大嶋 でも、ピアノソロでしか聴いたことのない曲にバックバンドが重なると、全然印象が変わりますよね。コヤマさんの曲を通していろんな「表現」を見ることができたっていう意味でも面白かったです。特にステージの右側にはいろんな打楽器を交代で演奏する人もいたし……。

コヤマ パーカッションの桜ちゃんは特に「魅せる」要素を強く持ってるプレイヤーなので……。彼女と、それからギターの河内くんとは「ζYui.」(ゆい)っていうユニットを組んで一緒にやってます。

大嶋 今回は、コヤマさんがグランドピアノを弾いて、あとはベース(ウッド&エレキ)、ドラムス、パーカッション、キーボード(アンコールではギターも加わる)、という編成だったんですが、全員でやる曲もあれば、ピアノとベースだけのもあったし、そういう楽器構成みたいなのも全部コヤマさんが決めたんですか。

コヤマ そうですね。だいたいは決めておいて、あとはリハをやりつつ調整したって感じです。プレイヤーはみんな、前から仲よしでいっしょにやってる人たちを自分で集めたので、リハものびのび楽しくやれました。

大嶋 そういう一体感はすごく出てたと思います。やっぱり普段からのつながりっていうのは大切ですよね。


レコ発ワンマン「君色フープ」歌唱曲

01 君色フープ(ライブ テーマソング)
02 ベクトルと平行線
03 ハナうたパズル
04 うたいながら想いながら
05 ドラマティック
06 クローゼット
07 ほろほろろん
08 ドルチェ
09 白の風景
10 ドリームドロップス
11 あぶらかたぶら
12 FURI FURI ハリケーン
13 フタリのバリア
14 それがいいの
15 ライムライト
16 おやすみサリー(アンコール)
17 ありか(アンコール)
18 君色フープ(アンコール)



2006.4.22@恵比寿switch



大嶋 (曲の一覧を見て)18曲も歌ってたんですね。

コヤマ そうなんですよ。普段のライブだと、6、7曲がせいぜいで、そのくらいなら慣れてるんですけど、今回は完全なワンマンだったので。

大嶋 でも、全体のテンポは速かったですね。気がついたら1時間半経ってた感じです。

コヤマ それは、すごく意識しました。今回はスピード感が大事だなと。お客さんもほとんどスタンディングだったから、とにかく「だれてる感」はなくそうと。そういうことも考えたので曲順では特に悩みましたね。

大嶋 レコ発だから、アルバム曲中心なんだろうとは思ってて、今こうして見るとたしかにそうなんだけど、「ドラマティック」とか「クローゼット」とか、初めて聴く曲も入っていて、「おっ」と思いました。「クローゼット」は個人的にかなりお気にいりです。
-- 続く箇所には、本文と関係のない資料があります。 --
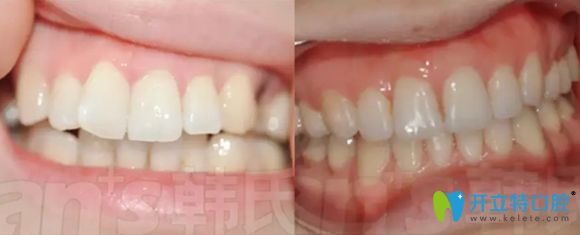 濟(jì)南韓氏口腔牙性齙牙矯正效果對比圖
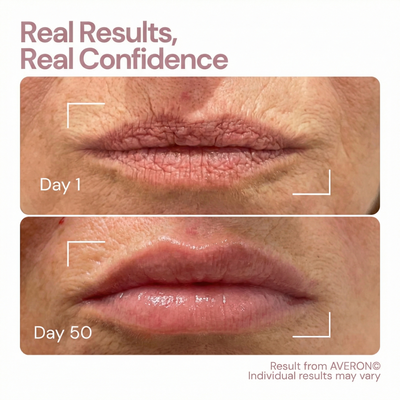 Averon™ 4 Wavelength LED Lip Therapy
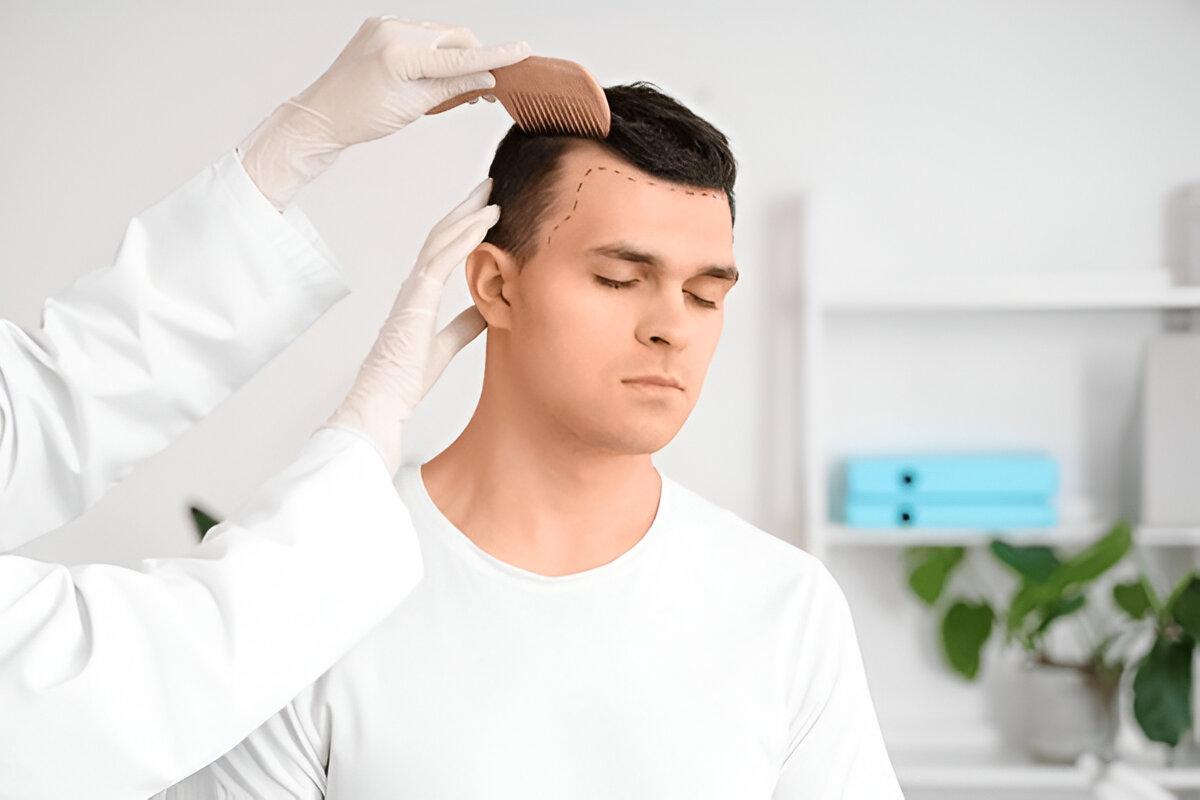 Hair Transplant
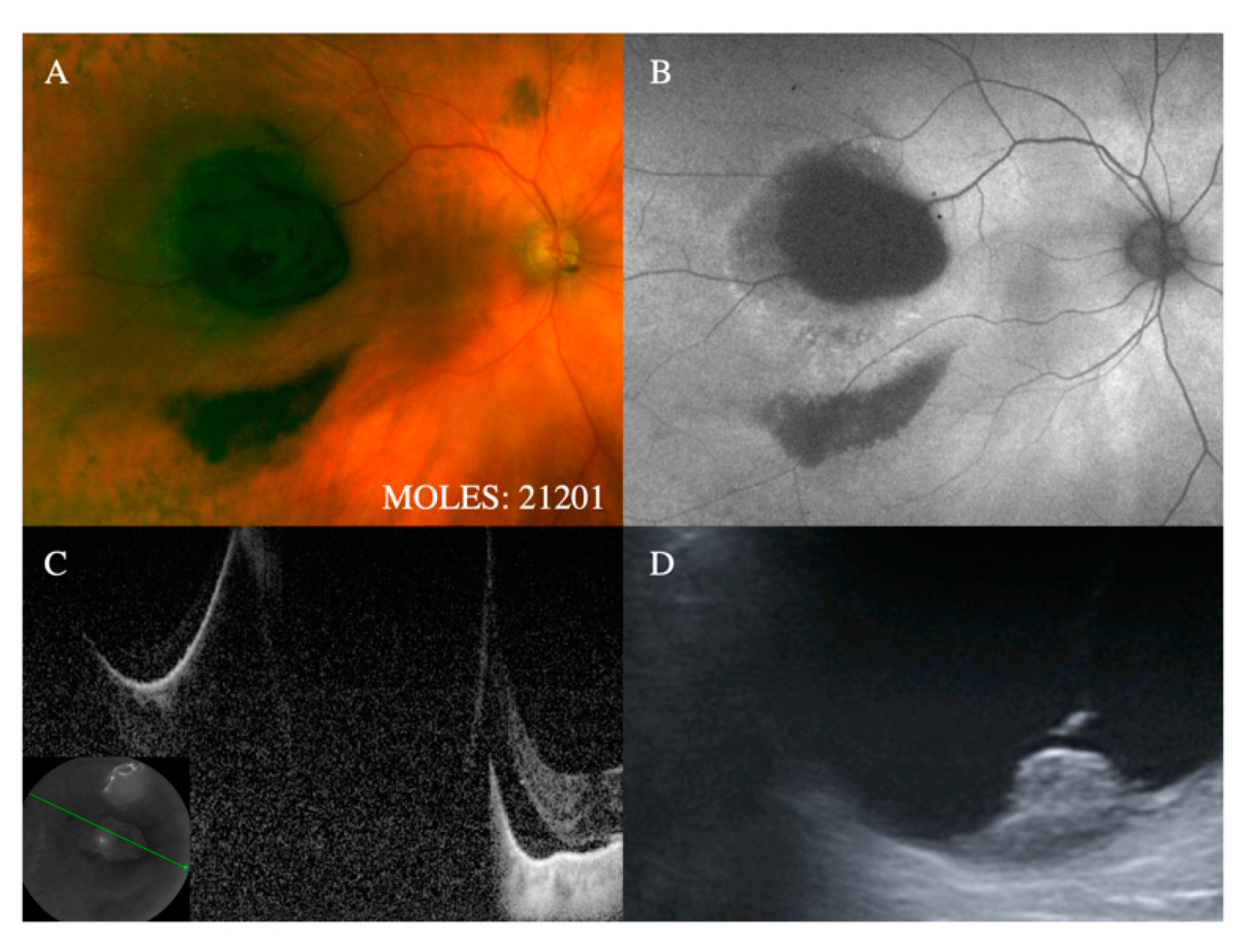Cancers 12 01311 g002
コヤマ ありがとうございます。あの辺はライブでは結構歌っている曲なんです。

大嶋 やっぱり、アップテンポの曲が続いたあとのバラードっていうのはひときわ染みますよね。そういう意味では、とても効果的な曲の並びだったと思います。ラストナンバーに「ライムライト」を持ってきてくれたのも感激でした。
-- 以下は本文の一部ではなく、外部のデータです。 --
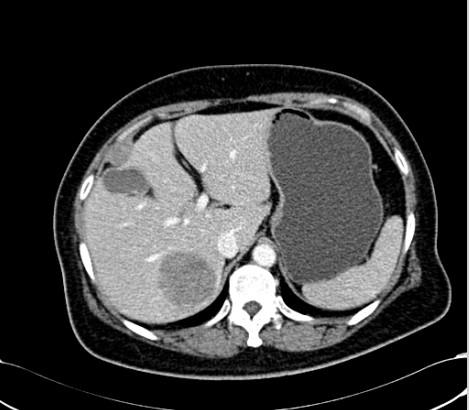 0 cm; Shows the right pleural lesion after 3 cycles of second-line systemic palliative chemotherapy by CT, and the maximum 2 cm;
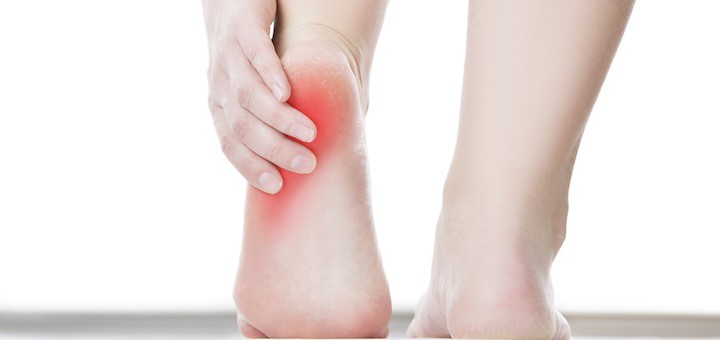 Plantar Fasciitis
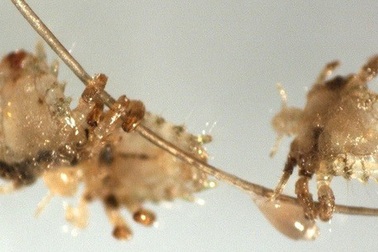 Bệnh lây khi làm “chuyện ấy” “nhảy” lên mắt gây họa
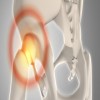 Journal of Aging Research and Healthcare - Hip Fractures
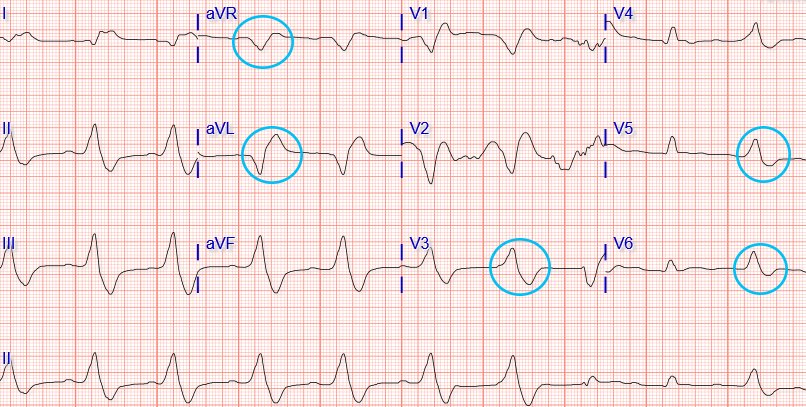 Which of the following is NOT a typical ECG finding in hyperkalemia?
A. Peaked T waves
B. Prolonged PR interval
C. Widening of QRS complex
D. Prominent U waves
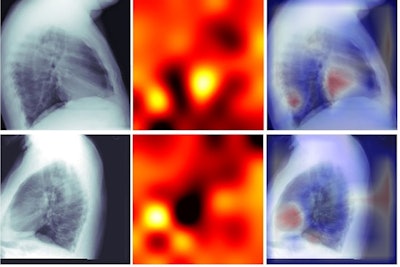 Lateral chest radiographs labeled with total Agatston scores. Despite training only on calcium score numbers, algorithms learned to focus on and prioritize the cardiac silhouette to predict the presence of coronary artery calcium. Left column, radiographs; middle column, attention-based heat maps; right column, heat maps overlaid on radiographs. Image courtesy of Radiology: Cardiothoracic Imaging.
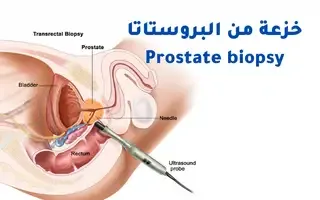 الخزعة والشفاء من سرطان البروستاتا prostate cancer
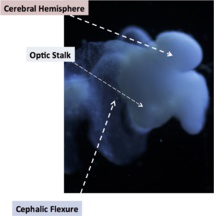 Algunas de las partes del cerebro organoide: hemisferio cerebral, pedúnculo óptico y curva cefálica, todas ellas propias del cerebro fetal. Fuente: OSU.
※「ライムライト」は7月公開の短編映画「いくつもの、ひとりの朝」のテーマソング


 


大嶋 CDの発売、そしてワンマンと、4月のビッグイベントが無事終わって、今はちょっとほっとしたところですか?

コヤマ それが、そうでもないんです。自分でもちょっと意外ていうか、もっと「ふう、終わった!」って感じでぐったりすると思ってたんですけどね。逆にみんなから新しいエネルギーをもらったっていうか。

大嶋 なるほどねえ。コヤマさんには、2004年の6月にもうちのHPのトークゲストでお話を聞かせていただいてますが、2年前と今とで変わったところってありますか? ≫04年のコヤマさんトーク

コヤマ 基本的なスタンスは前と同じだと思うんですけど、「コヤマナオコ」として歌ったり演奏したりってことについてのプロ意識というのは高くなったかも知れません。
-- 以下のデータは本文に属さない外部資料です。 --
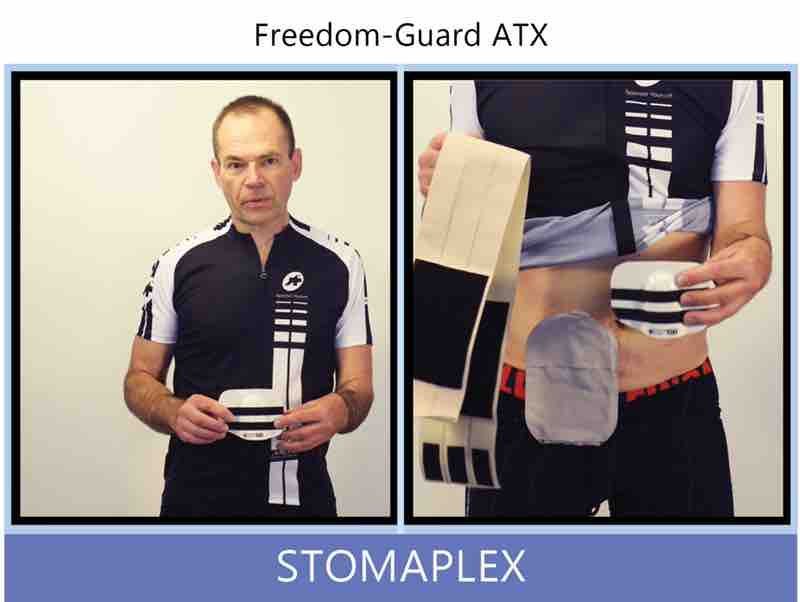 For sports and athletics, the Freedom-Guard ATX is recommended. This guard is the toughest and easiest to clean stoma guard offered by Stomaplex. The outside surface is an FDA approved rubber with two Velroc strips that are used to hold the ostomy belt to the face of the guard.
Here is the parastomal hernia ostomy belt. This belt is an option. The wider belt is helpful in preventing parastomal hernias on men who are concerned about developing a hernia. The belt is 4 and half inches wide the entire length of the belt. Ostomy belt, ostomy, stoma, protection, stoma protection, stoma guard, ostomy guard, ostomy protection products, ostomy shower, ostomy leak, stoma leak, ostomy hernia, stoma hernia, ostomy sports, stoma sports, hernia, stoma belt, ostomy leaks, stoma leaks, leaking barrier, leaking stoma, stoma pain, ostomy pain, stomal hernias, hernias, children stoma, pediatric armor, ostomy protection, stoma protection sale, ostomy products, ostomy discounts, ostomy product discounts, ostomy product sale, ostomy ultimate discount package, strong ostomy belt, strongest ostomy belt, stoma shield, stoma shields, stoma guards, stoma protection products, stoma guard belt, stoma protection for sports, stoma protector, stoma guard reviews, stoma protectors, ostomy shower apron, ileostomy, colostomy, stomaplex, ostomy belt swimming, ostomy clothing, ostomy leak protection, freedom guard, comfort guard, veterans ostomy, pediatric ostomy belts, pediatric stoma, pediatric stoma protection, stoma protection for children, children ostomy belts
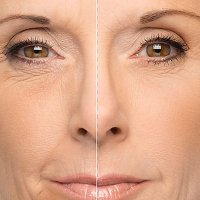 Гусиные лапки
大嶋 私なんかの見方としては、ご結婚されたことで、「ベクトルと平行線」みたいな、恋人同士というよりは夫婦っぽい、生活をともにしてる男女のケンカをテーマにした曲を発表できるようになったのかな、と感じたんですが。

コヤマ でも、あの曲はうちの夫婦のことじゃないんですよ。ある知り合いのカップルを見てて浮かんだ曲で……。

大嶋 あ、そうなんだ。これは完全に思惑がはずれましたね。でも、「一度火がついちゃったらなかなかゆずれない」とか「今夜もこのまま行っちゃうのかな」とか、かなりリアルな心情描写は絶対経験から来てると感じたんですが。

コヤマ こういう気持ちって、別に夫婦じゃなくても、友人でも、恋人でも、当てはまると思うんですよ。

大嶋 たしかにね。歌ができる過程については、以前のインタビューでもいろいろ話していただいたけれど、コヤマさんの場合、やはり広い意味で自分を取り巻く「生活」という要素をすごく大切にしてるっていうのはありますよね。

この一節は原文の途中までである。